Monitoring pfSense with Nagios XI Using SSH – part 2

Monitoring pfSense with Nagios XI Using SSH – part 2

Downloading and testing the checks

In the part 1, we setup password-less SSH. What good does that do? Now that we have a secure connection between the systems, we are quite a bit closer to securely running check commands using the SSH proxy on Nagios XI (or the check_by_ssh on Nagios Core).

First though, we need to get the various plugins on the pfSense box. We are going to use a handful of custom scripts, but we’ll also use some pre-compiled executables. You can compile your own by downloading them from https://nagios-plugins.org/downloads/, but I would not recommend it. Instead, you can grab these plugins pre-compiled from freshports.org. This is easy in FreeBSD because you just run ‘pkg install nagios-plugins’ from the command line as shown below. After replying ‘y’ to the ‘proceed with this action’ question the command will pull the files down and place them in the package’s preferred directory.

# sudo pkg install nagios-plugins
Updating pfSense-core repository catalogue...
pfSense-core repository is up to date.
Updating pfSense repository catalogue...
pfSense repository is up to date.
All repositories are up to date.
The following 1 package(s) will be affected (of 0 checked):

New packages to be INSTALLED:
        nagios-plugins: 2.2.1_5,1 [pfSense]

Number of packages to be installed: 1

The process will require 2 MiB more space.
366 KiB to be downloaded.

Proceed with this action? [y/N]:y

Excellent! Now the pre-compiled plugins can be found in the ‘/usr/local/libexec/nagios’ directory. Give your newly installed plugins a test run by typing in the command below. If all goes well, you should receive some output specifying your current number of processes.

# /usr/local/libexec/nagios/check_procs
PROCS OK: 67 processes | procs=67;;;0;

So that’s great, but those files aren’t specific to pfSense! What about monitoring items such as services, VPNs, etc. I have created custom scripts for those checks, which are freely available on GitHub. You can easily download these to your pfSense firewall using the curl and tar command below.
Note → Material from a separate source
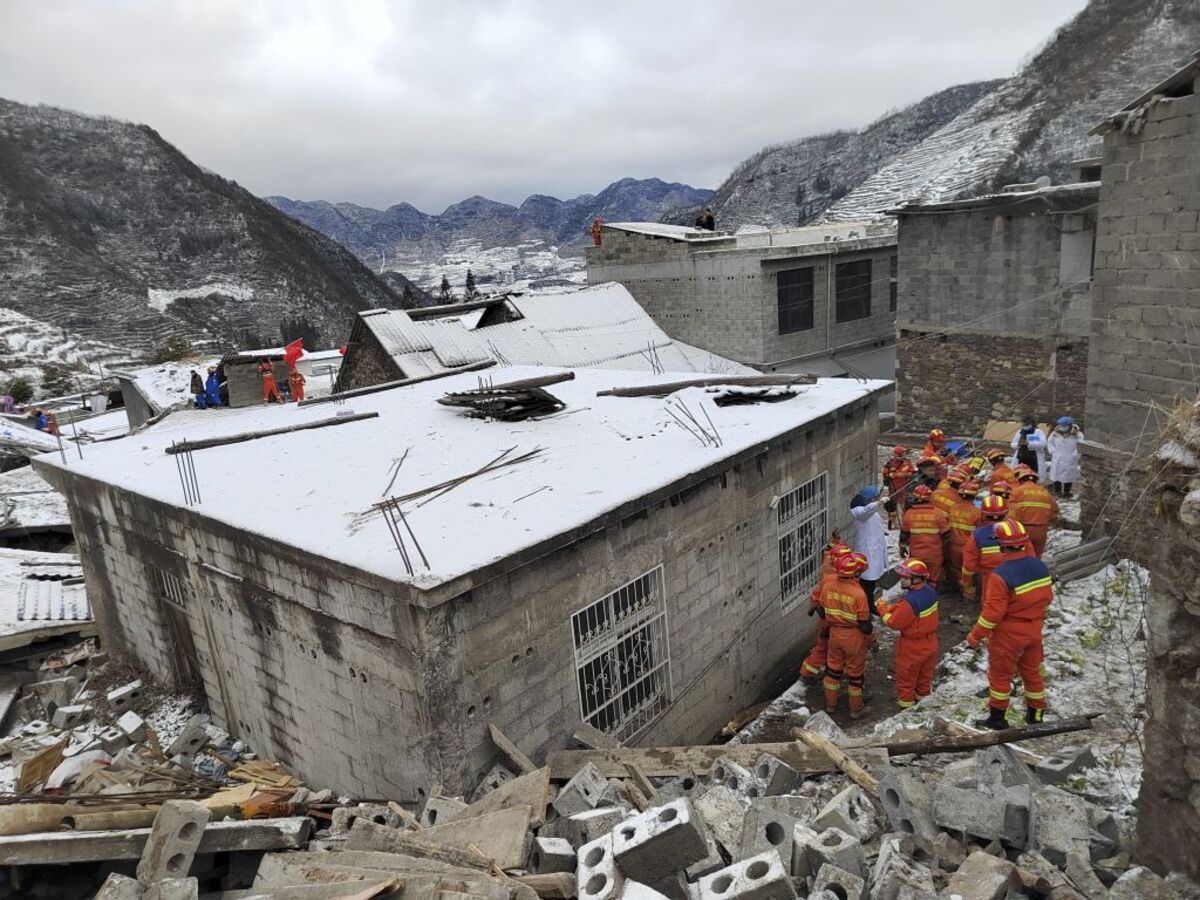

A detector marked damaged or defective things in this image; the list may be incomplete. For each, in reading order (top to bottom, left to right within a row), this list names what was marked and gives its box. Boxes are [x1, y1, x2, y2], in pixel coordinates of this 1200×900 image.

Make sure you run these commands on your pfSense system.

# curl -LO https://github.com/oneoffdallas/pfsense-nagios-checks/archive/master.zip
# sudo unzip -j master.zip -d /usr/local/libexec/nagios/
# sudo chmod +x /usr/local/libexec/nagios/check_pf_*

If everything went as planned, you can run the command below and get some output back.

# /usr/local/libexec/nagios/check_pf_version
Current version: 2.4.2-RELEASE / Mon Nov 20 08:12:56 CST 2017

Various Checks Explained

Below, I’ve also went through a fair amount of effort explaining the plugins I recommend as well as some default values for pfSense that should work in most cases. If you want to test out some of them on your own pfSense, just run the commands (not their output) from the /usr/local/libexec/nagios directory (unless you want to type in the full path).
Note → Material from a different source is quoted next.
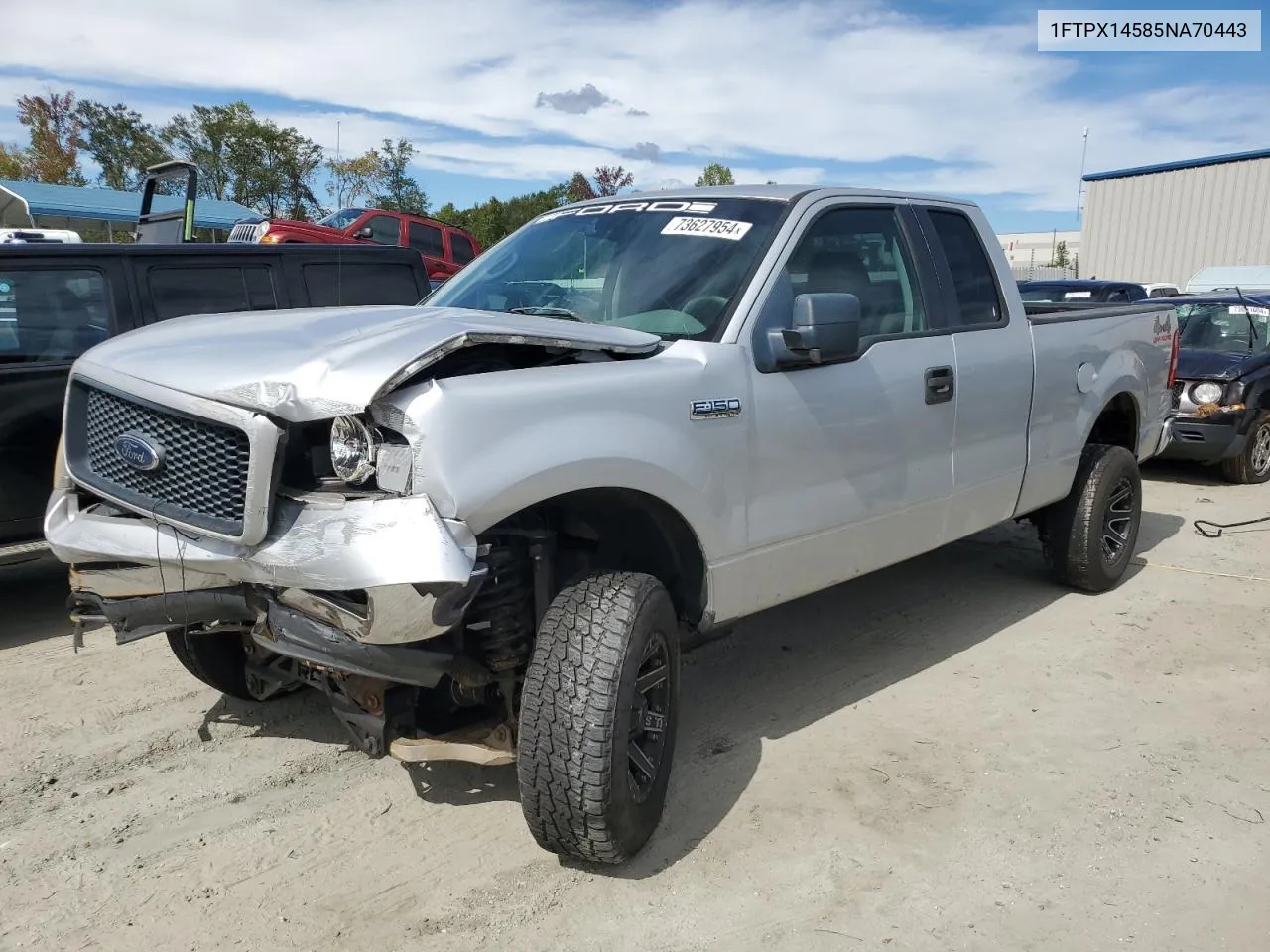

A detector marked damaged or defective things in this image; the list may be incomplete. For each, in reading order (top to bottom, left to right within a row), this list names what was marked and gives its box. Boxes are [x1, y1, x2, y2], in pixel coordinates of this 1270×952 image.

crumpled hood [73, 307, 659, 422]
crumpled hood [1175, 347, 1254, 381]
broken headlight [329, 413, 379, 484]
damaged front bumper [45, 484, 492, 682]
If you want to just go with my recommendations and don’t want the full explanations, then head over to part 3.

Go to Part 3: Configuring the checks on Nagios XI

Off the shelf FreeBSD checks

./check_ping -H 208.67.222.222 -w 80,10% -c 150,40%
PING OK - Packet loss = 0%, RTA = 25.71 ms|rta=25.712999ms;80.000000;150.000000;0.000000 pl=0%;10;40;0

So this isn’t ping “to” the pfSense. Instead, this is ping “from” the pfSense to another system. This is useful if you are monitoring the internet connection of a firewall – local or remote. It’s also useful if you stack a few of these together, i.e. you can compare your pings to OpenDNS (in the example) vs. pings to vendor XYZ. If the pings to vendor XYZ increase and corresponding data to OpenDNS does not, your vendor probably has an issue on their hands… Even better, now you’ll have the data to show them! Assuming you have decent internet, this setup should work. It will create a warning if the roundtrip is greater than 80ms and the percentage of packet loss is greater than 10%. Likewise, it will cause a critical alert if the roundtrip exceeds 150ms and the packet loss is greater than 40%.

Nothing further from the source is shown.